Fold changes are very similar:

but the p-value comparison shows interesting pattern:

The pattern is explained easily. GREAT computes only the P-Value for enrichment, while GAT computes P-Value both for enrichment and depletion. Indeed, if we only plot p-values for annotations that are enriched, the values are comparable:

_images/compare_great_vs_gat_pvalue_only_enrichment.png

Note how the p-values are very well correlated above 10E-3:

_images/compare_great_vs_gat_pvalue_only_enrichment_truncated.png

Below a p-Value of 10E-3 the correlation breaks down. Unfortunately, the lowest empirical p-value is determined by the number of simulations performed. Adding more simulations will allow us to estimate lower p-values, but will also increase the runtime. A short-cut is to extrapolate from lower p-values by adding the option --pvalue-method=norm:

_images/compare_great_vs_gatnormed_pvalue_only_enrichment.png

The table with enriched categories is dominated by small categories with very little expected overlap leading to very large fold changes:

annotation	pvalue	observed	expected	fold	description
GO:0043495	0.0	200	10.8	18.5185	“protein anchor”
GO:0070688	0.0	350	16.7	20.9581	“MLL5-L complex”
GO:0000212	0.0	200	9.25	21.6216	“meiotic spindle organization”
GO:0045896	0.0	150	4.65	32.2581	“regulation of transcription during mitosis”
GO:0045897	0.0	150	4.65	32.2581	“positive regulation of transcription during mitosis”
GO:0046022	0.0	150	4.65	32.2581	“positive regulation of transcription from RNA polymerase II promoter during mitosis”
GO:0046021	0.0	150	4.65	32.2581	“regulation of transcription from RNA polymerase II promoter, mitotic”
GO:0071895	0.0	100	2.7	37.037	“odontoblast differentiation”
GO:0032796	0.0	250	6.65	37.594	“uropod organization”
GO:0021593	0.0	100	2.65	37.7358	“rhombomere morphogenesis”

For interpretation of the results it is often advisable to remove annotations that are rare.
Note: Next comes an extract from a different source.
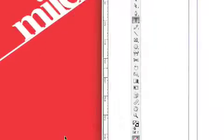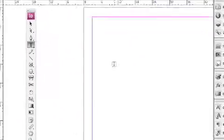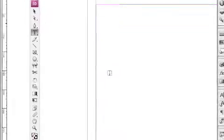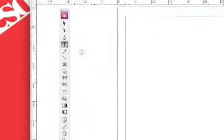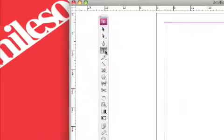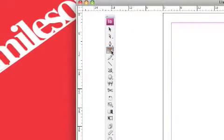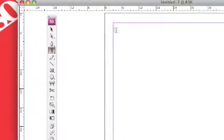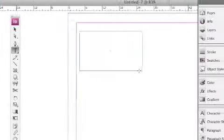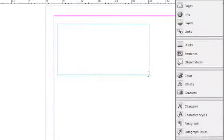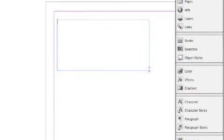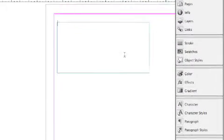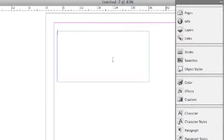Alright, so select the text tool, drag and draw. Okay, this is a basic rectangular text frame.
annotation	pvalue	observed	expected	fold	description
GO:0015629	3.3307e-16	2600	932.458	2.7883	“actin cytoskeleton”
GO:0044425	5.5445e-11	9620	13468.369	0.7143	“membrane part”
GO:0016021	5.7537e-11	7870	11699.204	0.6727	“integral to membrane”
GO:0031224	1.2393e-10	8220	11999.454	0.685	“intrinsic to membrane”
GO:0016020	5.5517e-08	12970	16059.768	0.8076	membrane
GO:0004888	1.0775e-06	1000	2534.458	0.3946	“transmembrane signaling receptor activity”
GO:0030029	1.1332e-06	2450	1278.537	1.9163	“actin filament-based process”
GO:0030036	1.3077e-06	2300	1174.087	1.959	“actin cytoskeleton organization”
GO:0003779	3.2187e-06	1900	963.501	1.972	“actin binding”
GO:0005886	5.2155e-06	7720	10170.117	0.7591	“plasma membrane”

Currently, we estimate fold enrichment for categories within a workspace that excludes ungapped regions. As before (Tutorial - Interval overlap), a thorough analysis should also exclude regions of low mapability.